* Task *
Reproduce word for word the lines between those holding "Denim minijurk met revers en riem" and "Retro 80s Icons", inclusive, and nothing else from the data below.
--- Available records ---
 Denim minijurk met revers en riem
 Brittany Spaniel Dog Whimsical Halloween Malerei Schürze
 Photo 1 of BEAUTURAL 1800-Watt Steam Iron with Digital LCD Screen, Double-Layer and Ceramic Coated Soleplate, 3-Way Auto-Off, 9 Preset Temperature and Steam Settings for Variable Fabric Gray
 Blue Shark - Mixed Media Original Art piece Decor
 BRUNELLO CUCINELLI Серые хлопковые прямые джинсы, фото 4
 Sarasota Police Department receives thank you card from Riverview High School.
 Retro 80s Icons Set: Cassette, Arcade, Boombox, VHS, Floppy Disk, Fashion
---
--- Available records ---
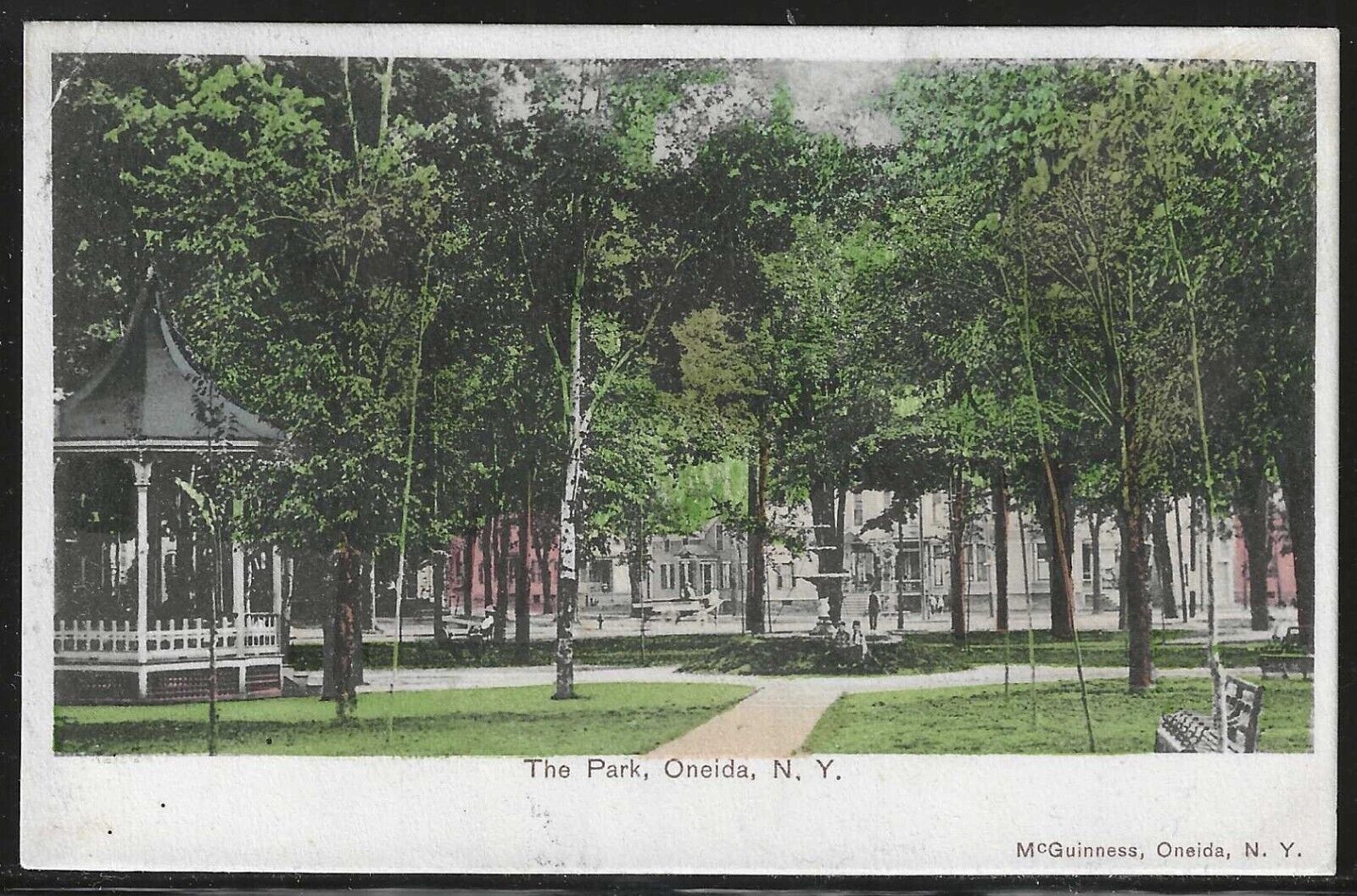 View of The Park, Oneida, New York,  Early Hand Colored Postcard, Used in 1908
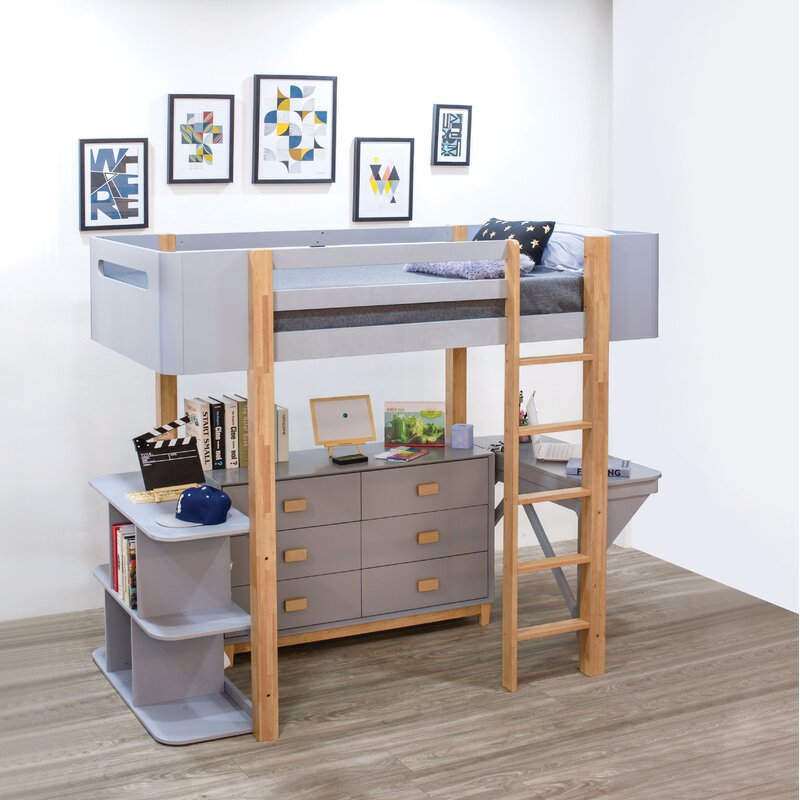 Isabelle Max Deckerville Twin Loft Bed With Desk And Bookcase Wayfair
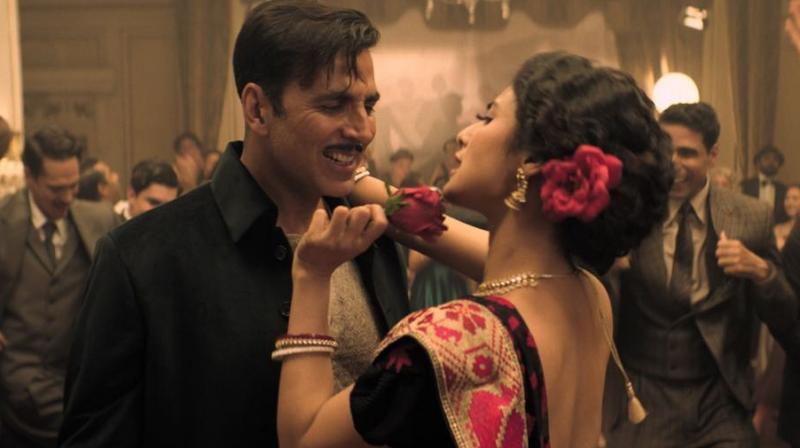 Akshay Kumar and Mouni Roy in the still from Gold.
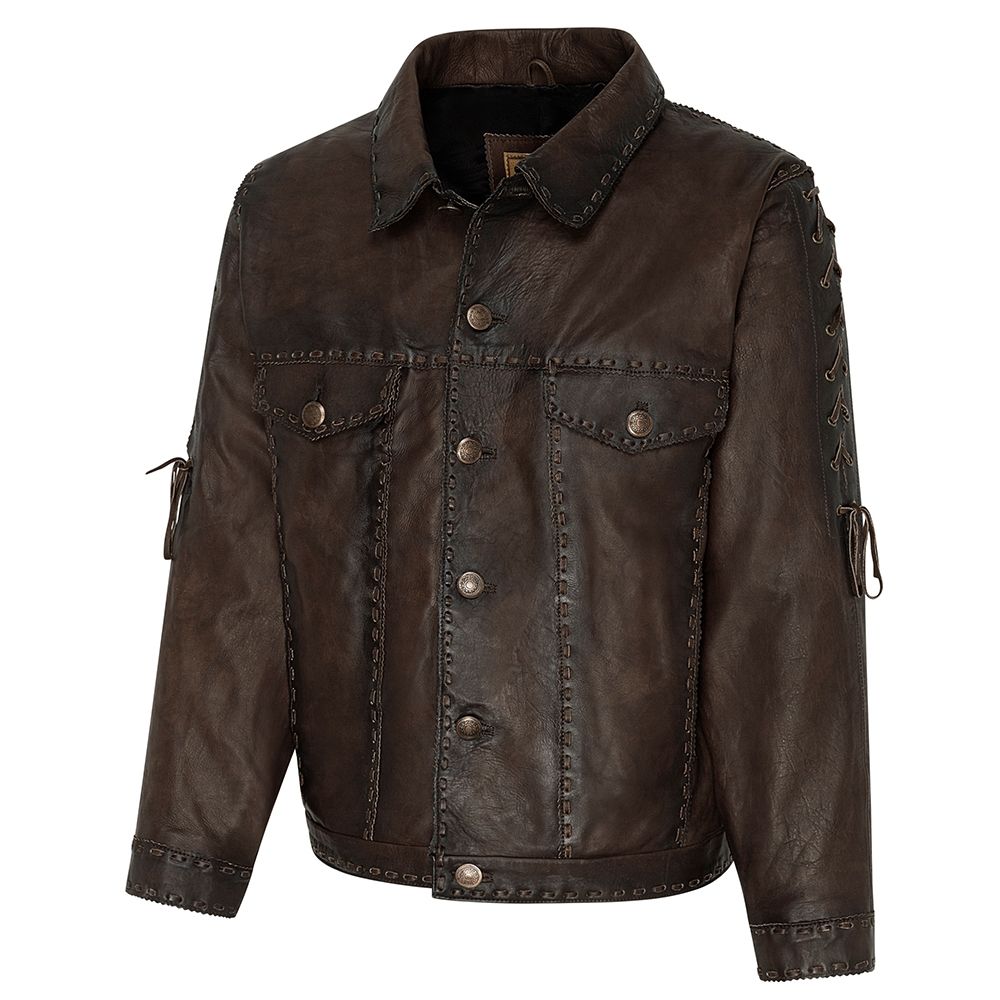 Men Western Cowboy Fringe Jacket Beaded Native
---
--- Available records ---
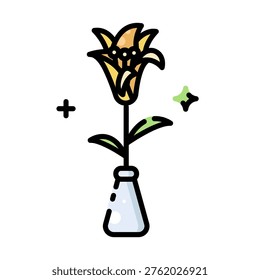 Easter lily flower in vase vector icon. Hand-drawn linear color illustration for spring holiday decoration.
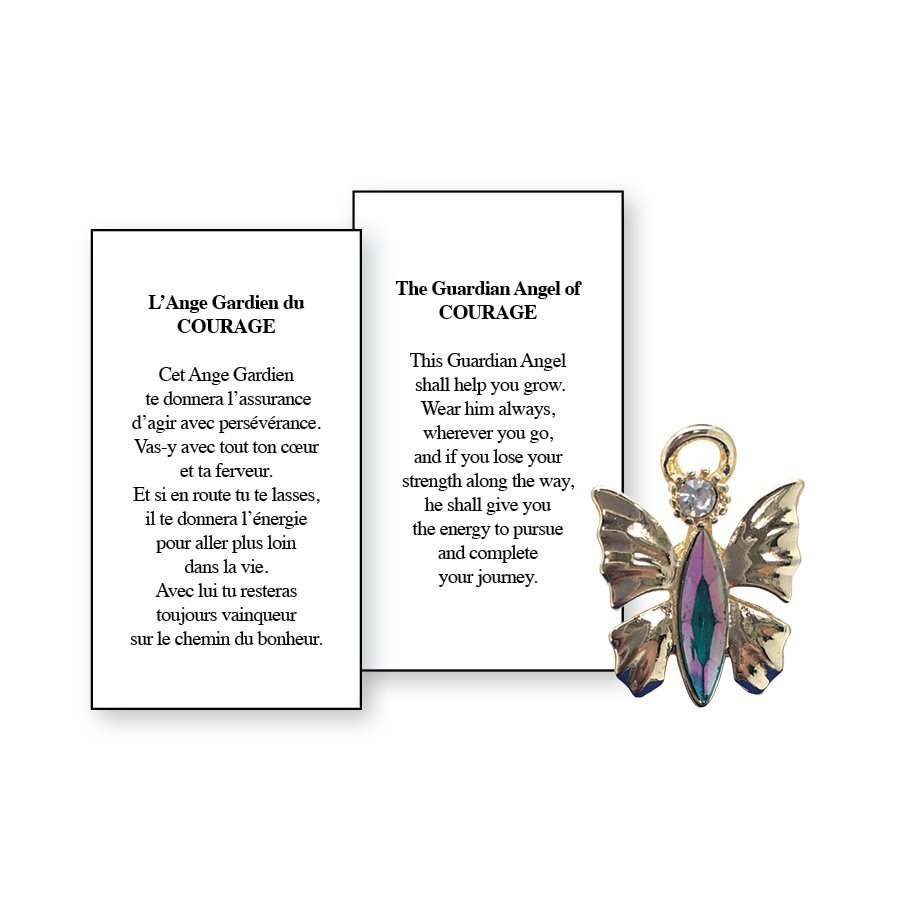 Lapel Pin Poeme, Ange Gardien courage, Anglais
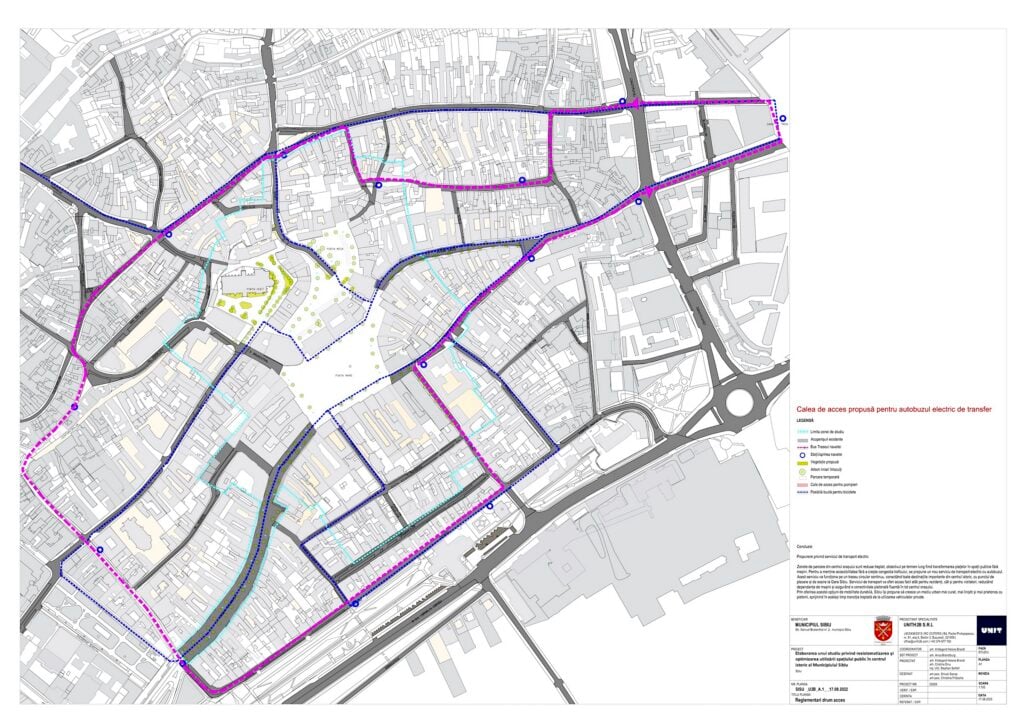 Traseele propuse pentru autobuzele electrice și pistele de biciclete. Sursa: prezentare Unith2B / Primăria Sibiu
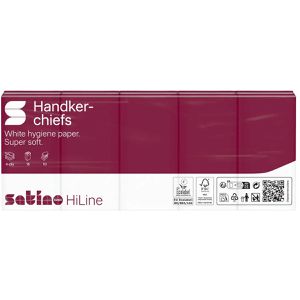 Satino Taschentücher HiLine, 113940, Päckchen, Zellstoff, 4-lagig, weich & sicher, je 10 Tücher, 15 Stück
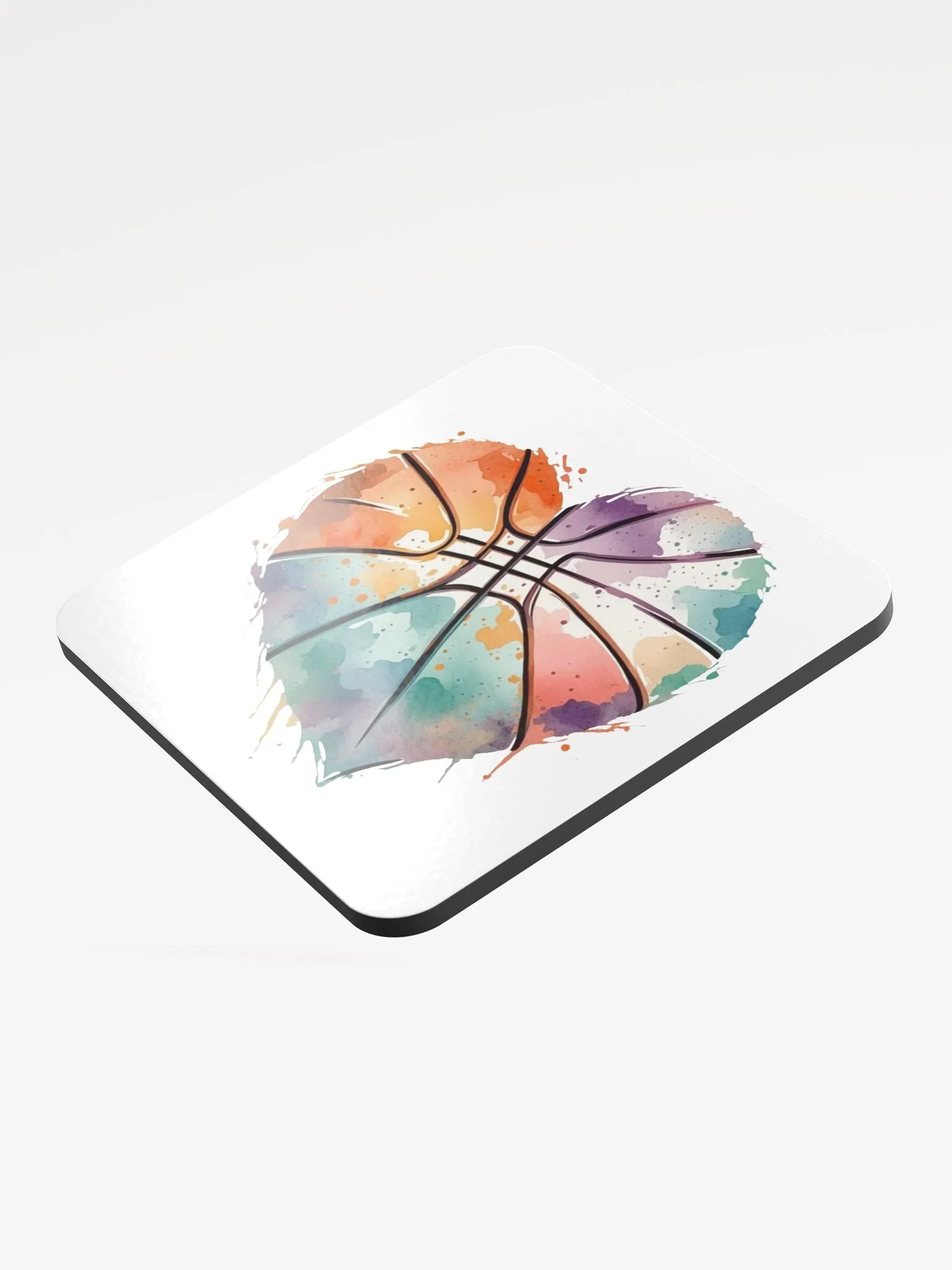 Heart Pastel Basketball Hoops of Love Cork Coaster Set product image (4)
---
* Output for this task *
 Denim minijurk met revers en riem
 Brittany Spaniel Dog Whimsical Halloween Malerei Schürze
 Photo 1 of BEAUTURAL 1800-Watt Steam Iron with Digital LCD Screen, Double-Layer and Ceramic Coated Soleplate, 3-Way Auto-Off, 9 Preset Temperature and Steam Settings for Variable Fabric Gray
 Blue Shark - Mixed Media Original Art piece Decor
 BRUNELLO CUCINELLI Серые хлопковые прямые джинсы, фото 4
 Sarasota Police Department receives thank you card from Riverview High School.
 Retro 80s Icons Set: Cassette, Arcade, Boombox, VHS, Floppy Disk, Fashion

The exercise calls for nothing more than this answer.